Além do horizonte romance Capítulo 10

Ester abriu a porta e despertou a filha.

– Bom dia princesa, tem que levantar e se arrumar. Daqui a pouco seu noivo vem nos buscar para irmos à igreja, acho que vocês têm muito o que confessar antes do sim.

– Sim senhora.

Ester percebeu a falta de ânimo da filha e se sentou na cama da filha lhe tocando as duas mãos.

– Coloque um sorriso nesse rosto tão lindo, por favor não desista de ser feliz.

– Prometo que eu vou tentar mudar de expressão.

Guadalupe se desembrulhou levantou, tomou um banho enquanto a mãe escolhia um belo vestido e depois fez um penteado deixando sua nuca a mostra.

– A senhora acredita nessas coisas de destino? – Guadalupe pergunta para a mãe enquanto ela fechava os botões de seu vestido.

– Acredito que tudo o que acontece em nossas vidas é com a permissão de Deus.

– Vou orar muito hoje, se Atílio não for meu destino que ele se canse bem rápido e me deixe voltar aqui para casa e para cuidar de vocês.

– Por que não ora pedindo a Deus para que se amem e sejam felizes juntos? Uhm? Não gostaria de me dar netos?

Ela sorriu timidamente, mas desfez a alegria em poucos segundos.

– Tenho medo do futuro, nunca fui fraca e a senhora sabe bem disso.

– É natural ter esse receio, mas vai passar. – Ester deu uma conferida na filha e ela estava pronta para sair.

Minha mãe não me queria triste e nem sem esperanças, talvez ela estivesse certa e eu sendo muito exagerada em temer e rejeitar o meu destino sem tentar ao menos dar uma chance a ele.

Amélia se encontrou com Atílio descendo as escadas e dobrando os punhos da camisa.

– Tão elegante! – Amélia o elogia a sorrir.

– Vou buscar Guadalupe para irmos até a igreja.

– Pretende se confessar de verdade ou apenas vai para ficar bem com o padre?

– Não devo nada ao padre e pelo contrário, com todos os donativos que dou a ele todos os meses, ele é que andaria me devendo até as botas!
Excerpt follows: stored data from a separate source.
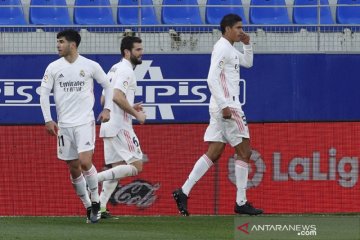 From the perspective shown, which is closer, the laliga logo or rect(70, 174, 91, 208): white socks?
rect(70, 174, 91, 208): white socks

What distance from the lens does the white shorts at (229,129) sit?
12023 millimetres

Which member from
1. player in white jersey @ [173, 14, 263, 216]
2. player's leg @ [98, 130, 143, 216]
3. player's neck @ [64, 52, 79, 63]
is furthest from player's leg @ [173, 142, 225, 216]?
player's neck @ [64, 52, 79, 63]

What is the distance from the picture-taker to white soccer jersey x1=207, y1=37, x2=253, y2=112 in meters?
11.9

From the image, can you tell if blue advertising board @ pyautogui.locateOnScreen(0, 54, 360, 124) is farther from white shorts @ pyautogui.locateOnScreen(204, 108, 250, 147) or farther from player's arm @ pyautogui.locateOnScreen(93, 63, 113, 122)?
player's arm @ pyautogui.locateOnScreen(93, 63, 113, 122)

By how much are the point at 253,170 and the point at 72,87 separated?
332cm

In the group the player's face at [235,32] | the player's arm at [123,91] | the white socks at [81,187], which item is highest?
Result: the player's face at [235,32]

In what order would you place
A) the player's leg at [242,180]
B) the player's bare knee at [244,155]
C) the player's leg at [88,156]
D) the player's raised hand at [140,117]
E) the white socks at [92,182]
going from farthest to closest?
the player's bare knee at [244,155] → the player's leg at [242,180] → the player's raised hand at [140,117] → the white socks at [92,182] → the player's leg at [88,156]

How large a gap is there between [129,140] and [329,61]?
5158 millimetres

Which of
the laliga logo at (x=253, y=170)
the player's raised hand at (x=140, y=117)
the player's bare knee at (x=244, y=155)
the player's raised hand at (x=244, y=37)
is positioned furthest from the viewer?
the laliga logo at (x=253, y=170)

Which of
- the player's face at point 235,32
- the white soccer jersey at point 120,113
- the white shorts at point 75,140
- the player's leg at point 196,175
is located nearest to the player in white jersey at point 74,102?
the white shorts at point 75,140

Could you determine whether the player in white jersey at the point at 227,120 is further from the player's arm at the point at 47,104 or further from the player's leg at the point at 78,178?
the player's arm at the point at 47,104

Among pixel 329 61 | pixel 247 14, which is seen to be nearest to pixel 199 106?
pixel 329 61

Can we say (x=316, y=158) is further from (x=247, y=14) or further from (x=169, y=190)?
(x=247, y=14)

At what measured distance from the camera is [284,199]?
1348 cm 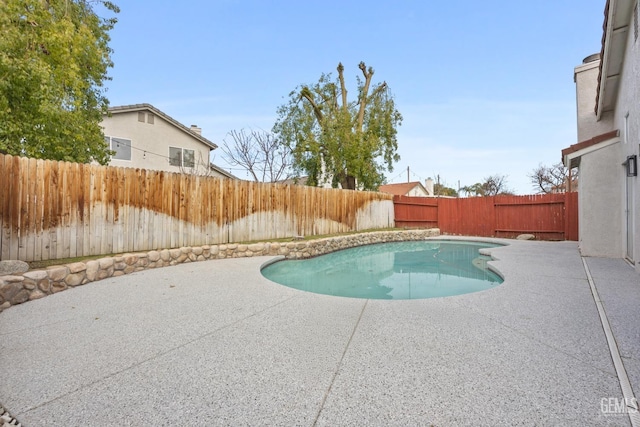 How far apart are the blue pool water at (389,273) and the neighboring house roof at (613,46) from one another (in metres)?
5.06

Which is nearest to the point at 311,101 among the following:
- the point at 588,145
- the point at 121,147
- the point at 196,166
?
the point at 196,166

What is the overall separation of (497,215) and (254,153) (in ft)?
41.2

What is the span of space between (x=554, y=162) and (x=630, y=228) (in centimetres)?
2529

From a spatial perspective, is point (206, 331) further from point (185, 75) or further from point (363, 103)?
point (363, 103)

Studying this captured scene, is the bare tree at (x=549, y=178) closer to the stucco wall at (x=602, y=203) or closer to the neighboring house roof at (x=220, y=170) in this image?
the stucco wall at (x=602, y=203)

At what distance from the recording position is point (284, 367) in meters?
2.30

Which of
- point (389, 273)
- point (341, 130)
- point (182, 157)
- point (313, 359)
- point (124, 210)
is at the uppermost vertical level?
point (341, 130)

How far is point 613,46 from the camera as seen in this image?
6.39 metres

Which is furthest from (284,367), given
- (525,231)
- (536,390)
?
(525,231)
Vou por que pretendia ficar a sós com ela, mas resolveu levar a mãe junto mandando meus planos por água abaixo.

– Lupe é inteligente, desta vez encontrou uma mulher bem diferente das tantas tolas que desonrou na cidade.

– Esqueça delas e Guadalupe no fim é só mais uma.

Atílio pegou as chaves do automóvel e saiu sorridente.

Ainda no rancho.

– Falta apenas um detalhe.

Ester passou gotas perfumadas na filha e as duas foram tomar café da manhã antes de irem.

– Está muito bonita filha. – Leonel sorri e dá uma volta ao redor de Guadalupe.

– Obrigada papai.

Eles comeram juntos e um tempo depois, ouviram bater na porta.

– Bom dia. – Atílio os cumprimenta levantando o chapéu da cabeça.

– Bom dia, já estamos prontas. Venha filha!

Ela estava linda, mais mulher com os cabelos presos. Porém, eu sentia sua tristeza aumentar a cada dia que nossa união se aproximava. Parecia que o brilho que iluminava seu olhar ia embora conforme eu entrava em sua vida.

Eu queria poder lhe cortejar e tentar toca-la, mas com a mãe dela junto era impossível. Chegamos na igreja, o padre já nos esperava ansioso por ouvir nossos pecados.

– Posso me confessar primeiro? – Guadalupe pediu.

– Mas é claro que sim! – Atílio concordou.

– Vamos então filha? – Guadalupe consentiu ao sacerdote.

O padre e ela entraram no confessionário enquanto Ester e eu ficamos esperando sentados na sacristia.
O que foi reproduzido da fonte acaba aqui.